You will rank the essays from each prompt according to what you perceive to be the 
relative proportion of shell language across the essays. That is, you should take into account the 
length of the essay in your judgment. For example, given two essays with the same amount of 
shell language, you should rank the shorter one higher than the longer one because it 
proportionately contains more shell language. 

Initially, the essays are not ordered in any way. Please follow this procedure. As your 
read each essay, first put the essays into “high” and “low” piles of approximately the same 
number of essays each such that all the “high essays contain more shell than the “low essays.” 
Then, repeat the process with “high and “low” piles. At this point you should have four piles. 
Then repeat the process one more time by taking each of the piles and splitting them into a high 
and low. After the third round you should have eight piles. The figure below describes the 
process graphically assuming 24 essays per prompt. 

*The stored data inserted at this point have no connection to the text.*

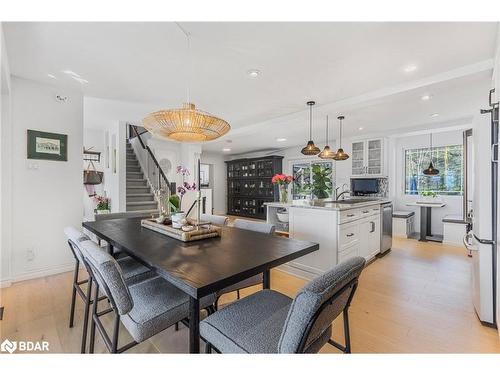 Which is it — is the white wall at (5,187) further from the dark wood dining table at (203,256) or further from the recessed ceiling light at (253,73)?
the recessed ceiling light at (253,73)

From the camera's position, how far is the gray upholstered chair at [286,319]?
0.90 m

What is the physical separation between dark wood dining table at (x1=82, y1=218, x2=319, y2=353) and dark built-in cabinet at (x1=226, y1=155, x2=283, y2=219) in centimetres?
586

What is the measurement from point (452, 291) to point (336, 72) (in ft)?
8.94

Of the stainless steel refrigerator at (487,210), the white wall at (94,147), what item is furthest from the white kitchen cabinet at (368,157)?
the white wall at (94,147)

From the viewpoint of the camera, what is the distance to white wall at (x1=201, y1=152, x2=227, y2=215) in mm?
9188

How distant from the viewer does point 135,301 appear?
139 cm

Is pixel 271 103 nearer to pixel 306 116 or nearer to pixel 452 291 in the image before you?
pixel 306 116

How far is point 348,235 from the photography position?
9.69 ft

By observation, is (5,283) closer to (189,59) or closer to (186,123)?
(186,123)

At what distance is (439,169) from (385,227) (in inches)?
106

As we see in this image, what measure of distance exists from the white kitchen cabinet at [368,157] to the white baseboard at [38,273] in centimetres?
594

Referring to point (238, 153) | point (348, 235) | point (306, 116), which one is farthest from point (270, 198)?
point (348, 235)

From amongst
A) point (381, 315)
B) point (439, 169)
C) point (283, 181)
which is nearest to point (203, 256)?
point (381, 315)

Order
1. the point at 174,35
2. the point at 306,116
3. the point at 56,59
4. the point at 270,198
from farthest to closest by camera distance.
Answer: the point at 270,198
the point at 306,116
the point at 56,59
the point at 174,35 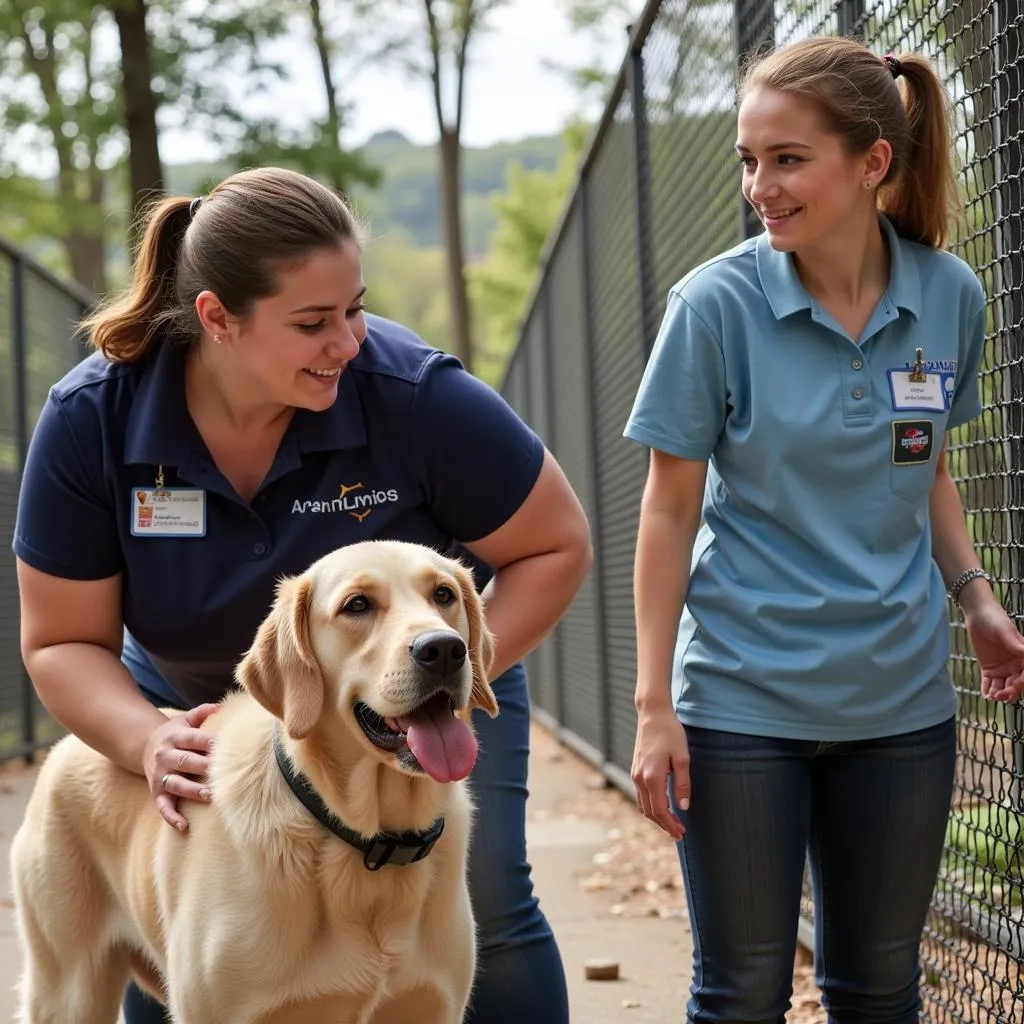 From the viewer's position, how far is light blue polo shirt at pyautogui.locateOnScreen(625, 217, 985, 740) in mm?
2994

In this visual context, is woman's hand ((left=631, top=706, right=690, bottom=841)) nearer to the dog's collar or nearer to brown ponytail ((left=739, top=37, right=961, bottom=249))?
the dog's collar

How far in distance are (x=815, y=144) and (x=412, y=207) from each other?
137 m

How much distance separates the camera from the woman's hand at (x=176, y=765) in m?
3.17

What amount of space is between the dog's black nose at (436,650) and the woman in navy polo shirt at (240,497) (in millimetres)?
626

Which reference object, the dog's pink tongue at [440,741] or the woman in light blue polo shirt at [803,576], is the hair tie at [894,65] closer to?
the woman in light blue polo shirt at [803,576]

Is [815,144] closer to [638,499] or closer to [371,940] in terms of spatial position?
[371,940]

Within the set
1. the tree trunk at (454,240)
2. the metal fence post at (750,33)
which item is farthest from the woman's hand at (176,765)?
the tree trunk at (454,240)

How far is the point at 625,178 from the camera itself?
320 inches

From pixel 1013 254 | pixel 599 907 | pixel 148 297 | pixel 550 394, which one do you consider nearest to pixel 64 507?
pixel 148 297

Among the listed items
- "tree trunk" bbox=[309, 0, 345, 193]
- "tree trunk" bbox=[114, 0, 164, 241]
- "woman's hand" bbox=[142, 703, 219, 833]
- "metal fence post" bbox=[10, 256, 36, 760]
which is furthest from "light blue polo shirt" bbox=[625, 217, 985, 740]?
"tree trunk" bbox=[309, 0, 345, 193]

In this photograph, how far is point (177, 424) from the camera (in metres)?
3.53

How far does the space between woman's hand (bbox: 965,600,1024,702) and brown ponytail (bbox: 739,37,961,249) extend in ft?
2.72

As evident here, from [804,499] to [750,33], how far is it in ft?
8.91

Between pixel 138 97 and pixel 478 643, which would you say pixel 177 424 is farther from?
pixel 138 97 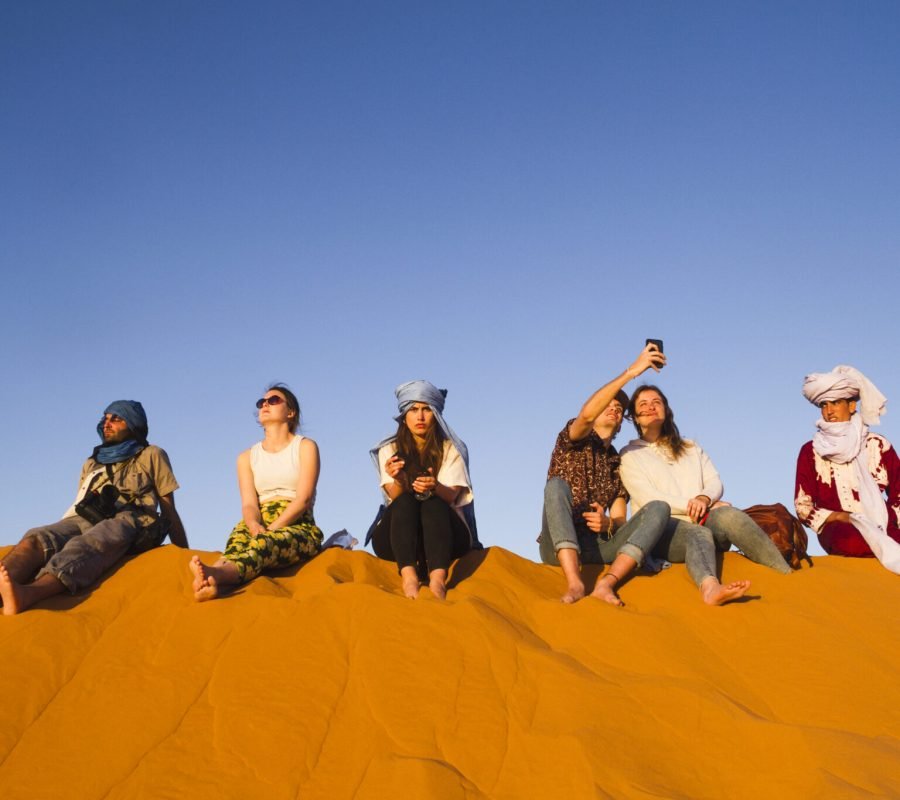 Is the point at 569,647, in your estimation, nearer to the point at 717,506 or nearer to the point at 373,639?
the point at 373,639

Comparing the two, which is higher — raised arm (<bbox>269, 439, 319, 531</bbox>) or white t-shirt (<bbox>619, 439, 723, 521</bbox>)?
raised arm (<bbox>269, 439, 319, 531</bbox>)

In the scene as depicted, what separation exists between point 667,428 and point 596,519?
1.05 meters

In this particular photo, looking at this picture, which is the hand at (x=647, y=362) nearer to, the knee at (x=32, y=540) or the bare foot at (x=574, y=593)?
the bare foot at (x=574, y=593)

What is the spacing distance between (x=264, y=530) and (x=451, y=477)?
54.5 inches

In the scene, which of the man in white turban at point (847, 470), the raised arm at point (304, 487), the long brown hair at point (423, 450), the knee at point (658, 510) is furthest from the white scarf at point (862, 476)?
the raised arm at point (304, 487)

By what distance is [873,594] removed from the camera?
20.5 ft

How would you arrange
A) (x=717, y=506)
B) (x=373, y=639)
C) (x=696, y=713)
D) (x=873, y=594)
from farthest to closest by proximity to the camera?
1. (x=717, y=506)
2. (x=873, y=594)
3. (x=373, y=639)
4. (x=696, y=713)

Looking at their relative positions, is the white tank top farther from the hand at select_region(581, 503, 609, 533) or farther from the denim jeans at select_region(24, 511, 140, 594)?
the hand at select_region(581, 503, 609, 533)

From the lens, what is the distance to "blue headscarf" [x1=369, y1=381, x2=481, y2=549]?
6605mm

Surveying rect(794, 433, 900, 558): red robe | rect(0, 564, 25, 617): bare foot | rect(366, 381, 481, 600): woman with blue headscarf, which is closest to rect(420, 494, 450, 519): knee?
rect(366, 381, 481, 600): woman with blue headscarf

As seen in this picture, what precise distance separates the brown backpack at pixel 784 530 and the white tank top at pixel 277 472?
3395 mm

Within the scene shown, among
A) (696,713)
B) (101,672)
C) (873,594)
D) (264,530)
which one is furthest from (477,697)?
(873,594)

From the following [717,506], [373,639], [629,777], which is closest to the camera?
[629,777]

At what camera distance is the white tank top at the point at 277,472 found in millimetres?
6758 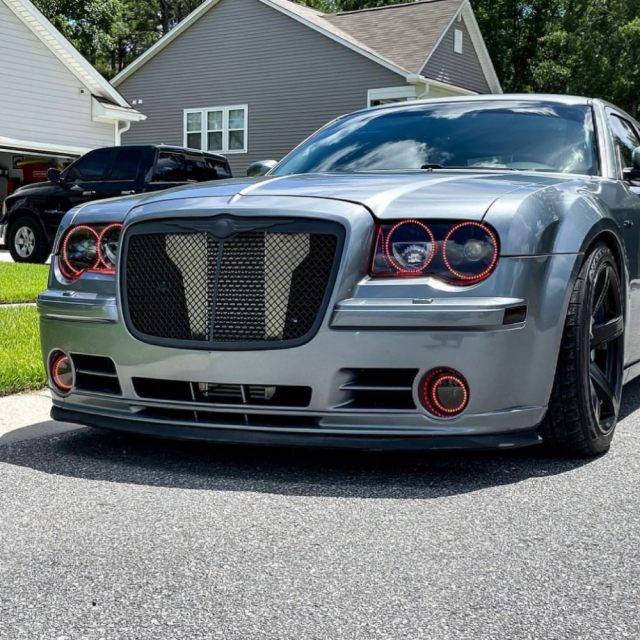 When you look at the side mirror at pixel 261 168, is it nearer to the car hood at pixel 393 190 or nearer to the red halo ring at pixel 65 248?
the car hood at pixel 393 190

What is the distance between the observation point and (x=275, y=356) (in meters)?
3.83

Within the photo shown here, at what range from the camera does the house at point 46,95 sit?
23250 mm

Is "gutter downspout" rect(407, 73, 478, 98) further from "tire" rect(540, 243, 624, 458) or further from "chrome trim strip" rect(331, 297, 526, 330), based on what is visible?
"chrome trim strip" rect(331, 297, 526, 330)

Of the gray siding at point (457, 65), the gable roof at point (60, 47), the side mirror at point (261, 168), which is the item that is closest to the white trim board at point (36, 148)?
the gable roof at point (60, 47)

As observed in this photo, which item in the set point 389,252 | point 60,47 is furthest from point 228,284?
point 60,47

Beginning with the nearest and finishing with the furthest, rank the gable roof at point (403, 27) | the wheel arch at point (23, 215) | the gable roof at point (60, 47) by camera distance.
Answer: the wheel arch at point (23, 215)
the gable roof at point (60, 47)
the gable roof at point (403, 27)

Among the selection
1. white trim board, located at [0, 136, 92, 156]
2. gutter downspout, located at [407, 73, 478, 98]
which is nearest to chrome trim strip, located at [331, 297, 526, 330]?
white trim board, located at [0, 136, 92, 156]

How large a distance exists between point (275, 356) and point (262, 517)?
661mm

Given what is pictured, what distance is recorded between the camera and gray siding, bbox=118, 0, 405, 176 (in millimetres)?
28000

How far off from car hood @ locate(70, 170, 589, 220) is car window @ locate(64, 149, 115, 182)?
1157 cm

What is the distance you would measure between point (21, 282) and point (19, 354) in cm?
520

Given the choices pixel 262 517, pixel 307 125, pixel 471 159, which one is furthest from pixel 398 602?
pixel 307 125

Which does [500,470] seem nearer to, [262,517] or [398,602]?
[262,517]

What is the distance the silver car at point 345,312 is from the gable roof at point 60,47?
20925 millimetres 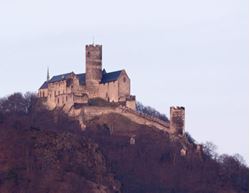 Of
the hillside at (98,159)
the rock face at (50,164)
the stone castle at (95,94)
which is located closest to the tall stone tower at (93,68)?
the stone castle at (95,94)

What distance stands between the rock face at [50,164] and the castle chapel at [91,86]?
14435mm

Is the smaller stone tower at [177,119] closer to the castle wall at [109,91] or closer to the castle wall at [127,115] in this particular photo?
the castle wall at [127,115]

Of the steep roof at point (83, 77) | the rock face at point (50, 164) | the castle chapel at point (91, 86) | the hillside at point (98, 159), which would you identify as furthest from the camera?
the steep roof at point (83, 77)

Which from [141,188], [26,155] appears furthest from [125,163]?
[26,155]

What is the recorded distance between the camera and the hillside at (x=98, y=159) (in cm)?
12056

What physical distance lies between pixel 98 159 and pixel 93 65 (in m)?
20.2

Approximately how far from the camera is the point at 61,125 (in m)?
140

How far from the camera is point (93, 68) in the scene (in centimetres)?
14562

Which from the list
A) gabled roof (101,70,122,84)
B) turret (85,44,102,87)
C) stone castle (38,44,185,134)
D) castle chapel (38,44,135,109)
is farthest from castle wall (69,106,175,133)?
turret (85,44,102,87)

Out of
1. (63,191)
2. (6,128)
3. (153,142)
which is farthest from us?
(153,142)

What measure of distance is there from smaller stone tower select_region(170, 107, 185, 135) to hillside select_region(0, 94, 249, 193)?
817mm

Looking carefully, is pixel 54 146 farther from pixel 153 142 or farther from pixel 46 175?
pixel 153 142

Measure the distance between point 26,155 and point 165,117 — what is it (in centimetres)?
3086

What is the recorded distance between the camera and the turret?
145 m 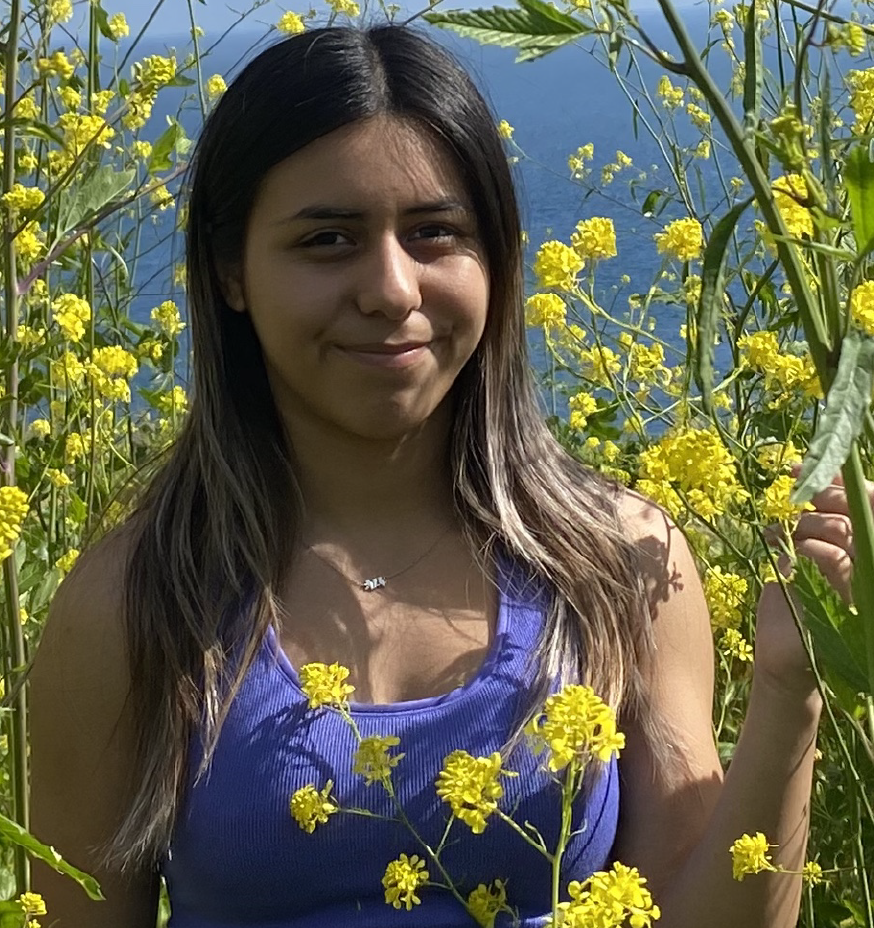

As a final step, go over each pile and, if you feel it is appropriate, fine tune the 
assignment of essays to piles. 

When you have completed the process for a prompt, please enter your ranking for each 
essay on the sheet provided to you. On the top left-hand corner of each essay there is a Person ID 
(e.g., 9995000000758340). On the top right-hand comer is the Prompt ID. Please make sure to 
use the Ranking sheet that has the correct prompt ID (at the top of the page). On the Ranking 
sheet, please write your name at the top of the page, write down the Person ID in the Person ID 
column, and write your ranking for each essay.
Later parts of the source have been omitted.